# Solving Schrodinger equation in two dimensions

1. Oct 14, 2009

### 6021023

1. The problem statement, all variables and given/known data

Solve the time independent Schrodinger equation for an electron in a 2-D potential well having dimensions Lx and Ly in the x and y directions respectively.

2. Relevant equations

d^2Y/dx^2 + d^2Y/dy^2 + 2m/h^2*EY = 0

3. The attempt at a solution

Y(x) = A exp(jkx) + B exp(-jkx)

I'm not even sure that is correct as a starting point, as that is what is given for the example in the book for the Schrodinger equation in one dimension, not two dimensions.

2. Oct 14, 2009

### gabbagabbahey

Is this for a finite well or an infinite well?

3. Oct 14, 2009

### 6021023

Infinite potential well.

4. Oct 14, 2009

### gabbagabbahey

Okay, so for $|x|\leq L_x$ and $|y|\leq L_y$ the schroedinger equation reduces to:

$$\left(\frac{\partial^2}{\partial x^2}+\frac{\partial^2}{\partial y^2}+\frac{2mE}{\hbar^2}\right)\Psi(x,y)=0$$

right?

Now use separation of variables; assume that $\Psi(x,y)=X(x)Y(y)$....what do you get when you plug that into Schroedinger's equation?

5. Oct 14, 2009

### 6021023

I forgot how to do separation of variables. How do you do that part?

6. Oct 14, 2009

### gabbagabbahey

You assume the wavefunction is separable (i.e. assume $\Psi(x,y)=X(x)Y(y)$)....substitute that into the Schrodinger equation and simplify....what do you get?

7. Oct 14, 2009

### 6021023

I get d^2Y/dx^2 + d^2Y/dy^2 + 2m/h^2*EX(x)Y(y) = 0

But doesn't the substitution also have to be done for the second derivatives? How would that be done?

8. Oct 14, 2009

### gabbagabbahey

No, you don't get that. And yes, the second derivatives act on $\psi(x,y)=X(x)Y(y)$

9. Oct 14, 2009

### 6021023

When you plug in for each of the second derivatives, do you treat the other variable as a constant?

10. Oct 14, 2009

### gabbagabbahey

You tell me, how does one usually take the partial derivative of a multivariable function?

11. Oct 14, 2009

### 6021023

I googled it and found out that for multivariable partial derivatives the other variables are held constant.

Y(y)X(x)'' + X(x)Y(y)'' + 2m/h^2*E*X(x)Y(y) = 0

12. Oct 14, 2009

### gabbagabbahey

Yes.

Now, what do you get when you divide both sides of the equation by $X(x)Y(y)$?

13. Oct 14, 2009

### 6021023

X(x)''/X(x) + Y(y)''/Y(y) + 2m/h^2*E = 0

14. Oct 14, 2009

### gabbagabbahey

Right, now look carefully at that equation...what variable(s) is the quantity X''(x)/X(x) a function of ? What variable(s) is the quantity Y''(y)/Y(y) a function of?
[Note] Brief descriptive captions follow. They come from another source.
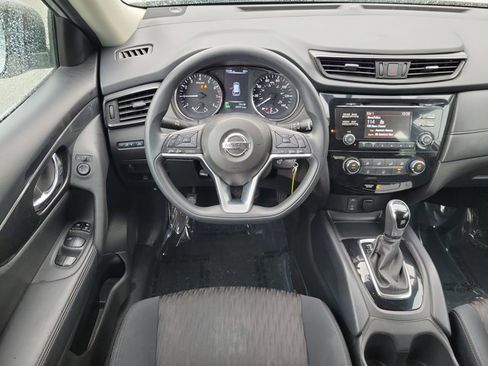 Used 2017 Nissan Rogue S image 17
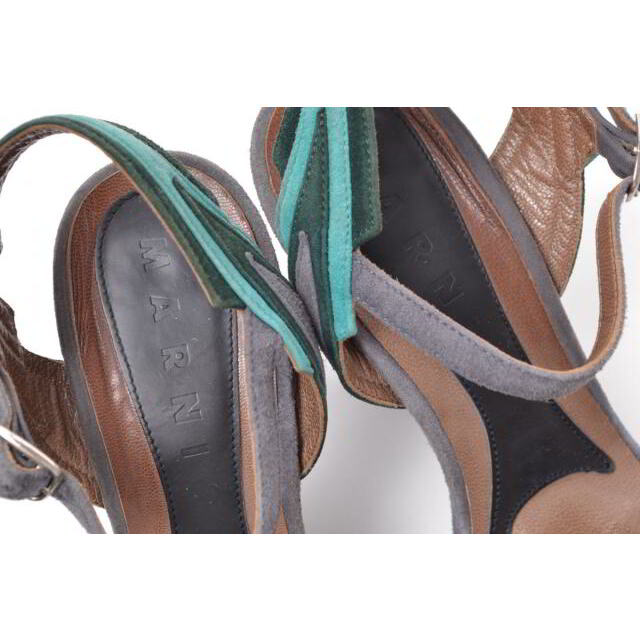 Marni(マルニ)のMARNI アンクルストラップ スエード サンダル レディースの靴/シューズ(サンダル)の商品写真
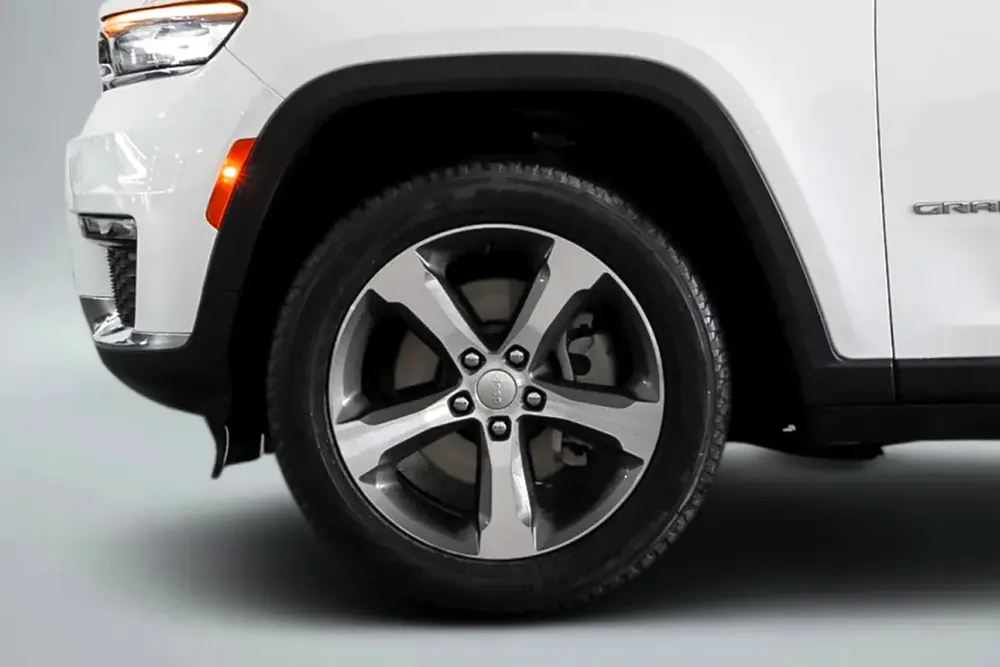 2,853 AED / 60 months | 0% DP | 2023 Jeep Grand Cherokee Limited L / Full Service History - Image 6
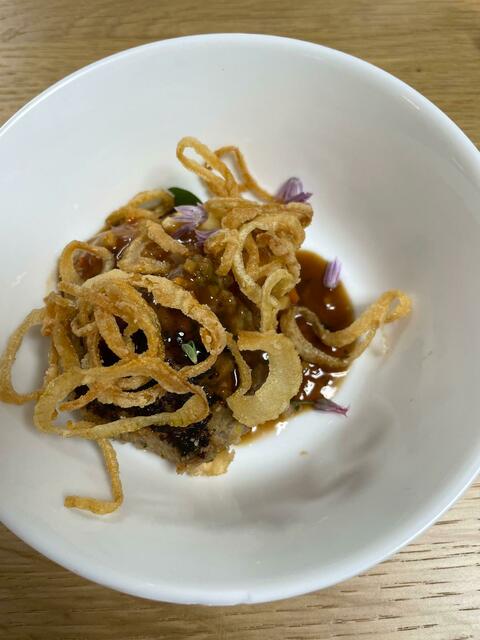 Das dritte Gericht: Kalbfleisch-Laibchen auf Erdäpfelpüree und Röstzwiebeln. | Foto: Koidl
Under what conditions can the add together to get a constant value of $\frac{2mE}{\hbar^2}$?

15. Oct 14, 2009

### 6021023

X''(x)/X(x) is a function of x and Y''(y)/Y(y) is a function of y.

X(x)''/X(x) + Y(y)''/Y(y) + 2m/h^2*E = 0

will be equal to 2m/h^2*E = 0 ?

If that's the case, then it will happen either when both X(x)''/X(x) and Y(y)''/Y(y) are equal to 0, or when X(x)''/X(x) = -Y(y)''/Y(y).

16. Oct 14, 2009

### gabbagabbahey

Right, and 'x' and 'y' are independent variables, right?

No, I'm asking when X(x)''/X(x) + Y(y)''/Y(y) can equal -2m/h^2*E? How can a function of 'x' added to a function of 'y' result in a constant?

17. Oct 14, 2009

### 6021023

Yes, x and y are independent. A function of x and a function of y added together will result in a constant when the variables cancel each other out or become 0.

18. Oct 14, 2009

### gabbagabbahey

Well, the variables can't cancel eachother out, since they are independent.

What if both functions are constants?

19. Oct 14, 2009

### 6021023

If both functions are constant, then adding them together would result in a constant, but I don't see how they can be constants since they have variables in them.

20. Oct 14, 2009

### gabbagabbahey

Are you telling me that you don't consider f(x)=1 to be a function of x? But you do consider f(x)=0 to be a function of x?